Was just wondering, has anyone used the RRT versa Launcher. I have wingers and am looking to expand my ability to throw marks, just wondering the pros and cons of the system. I have also been looking at the thunder launcher. Anybody have any thoughts on the systems looking for a little guidance.
Thanks
Devon Myers


----------



## BAYDOG (May 30, 2009)

I love mine, that's why I started selling them. The Big box stores way over price them, and do very little if any thing to advertise them?? Things I thought of before I bought my launcher. Unlike Thunder and the old BB's, you can position each shot(up to eight per base) in a different direction, the others all shoot the same angle and direction. They will except any of the newer electronics and even have their own if you don't need a sound/alert noise. You can buy the bumpers from anywhere that sells them . I use RRT ones, more durable, but DT,Bass pro, cheap knock-offs work as well. I also am cheap in the fact that I use Ram-Set cartridges from Home Depot. Half the price as the name brand and easy to find. Customer service is top notch. I also have the DT launcher to make doubles easy for me, but they are much cheaper I had to actually go through and lock-tight and re tighten each nut and bolt after about 50 shots as it vibrated them loose. If you want to expand them (DT) to two or three shots, it is a additional $300 per shot. Versa launch is about $208. Lastly, if you ever want to use the hand helds as a actual hand held, just pull one of them out of the tube and use it, that easy!! Just love the idea , concept, and sound well made platform.
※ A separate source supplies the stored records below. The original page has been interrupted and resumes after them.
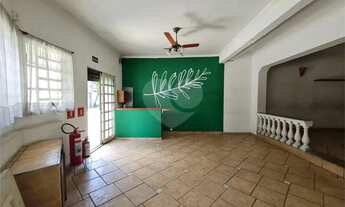 Imagem: Salão Comercial para locação em Chácara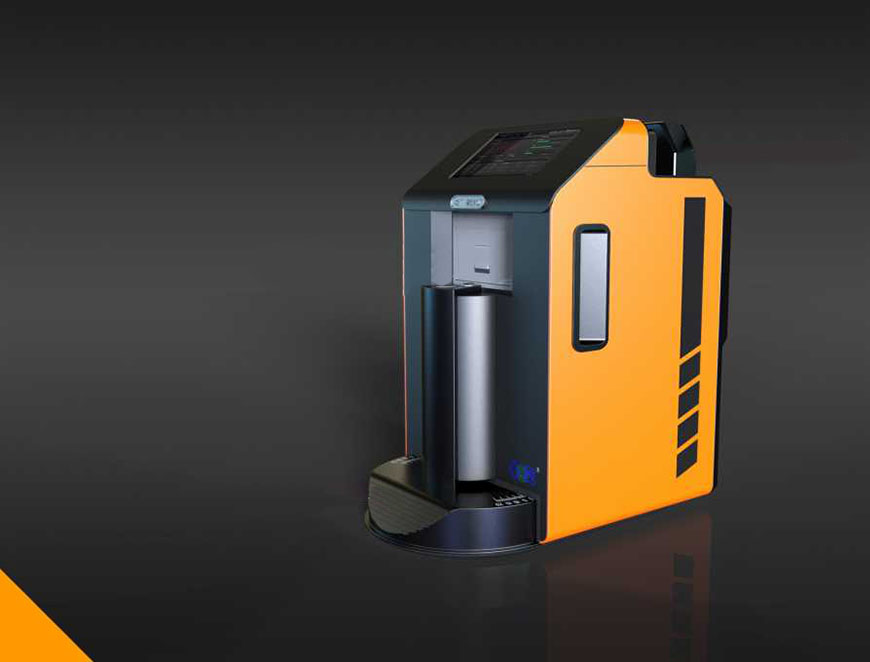 北京工業設計詳解順向工業產品設計模式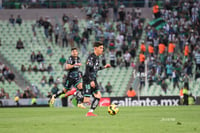 Santos Laguna vs Atlas J8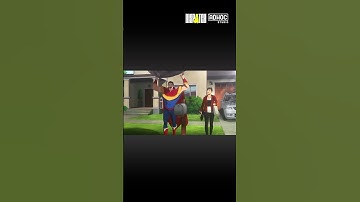 Dispatch - Let SDN Be Your Rock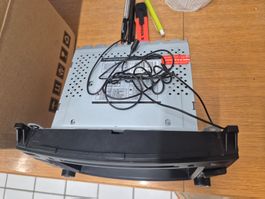 Autoradio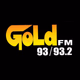 Logo de ABC - Gold FM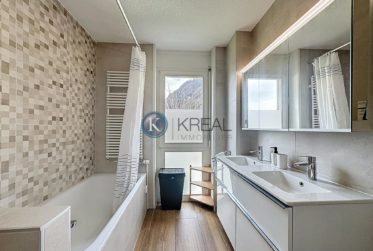 Cadre idéal à Villeneuve – Superbe villa de 6.5 Pièces avec vue sur le lac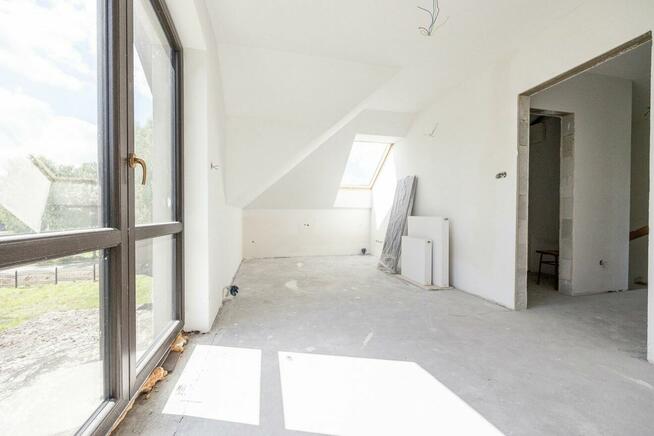 Dom Wysoka gm. Działdowo, Wysoka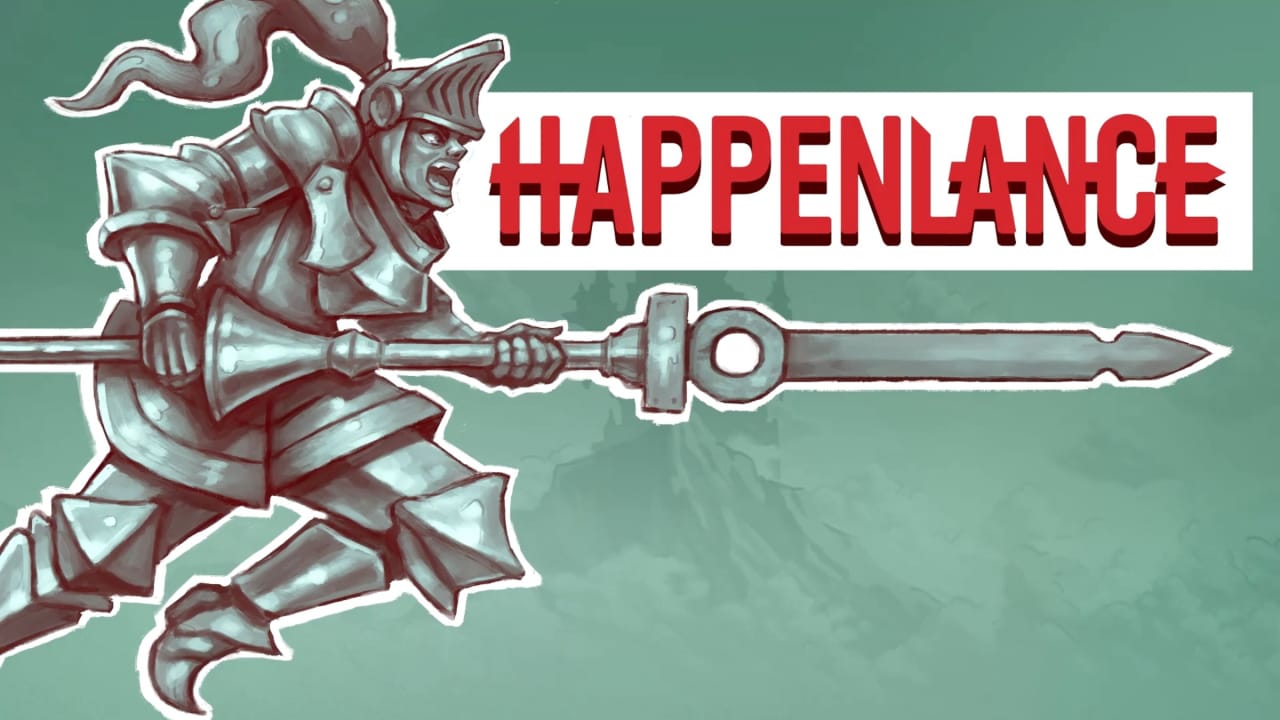 switch520游戏_长矛战士_Sir Happenlance_0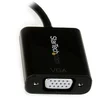 Image de Startech Adaptador DisplayPort a VGA 1.2m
And its all made in the USA!!!!


----------



## JJaxon (Nov 1, 2009)

Baydog, I have my own dogtra electronics. If I bought the RRT versa 4 shooter w/o electronics, would it be prewired to accept mine? Are they pre-wired to accept _*any*_ electronics, or specific to brand of electronics? 

Launcher dummy sizes. Are the 7" w/o flags able to be seen at 150+ yds?


----------



## JJaxon (Nov 1, 2009)

Just bought myself the 4 shooter, excited for Wednesday delivery.


----------



## BAYDOG (May 30, 2009)

And yes, they are pre-wired to accept any of the newer releases, it will even come with a polarity-reverse if needed. You'll be all set


----------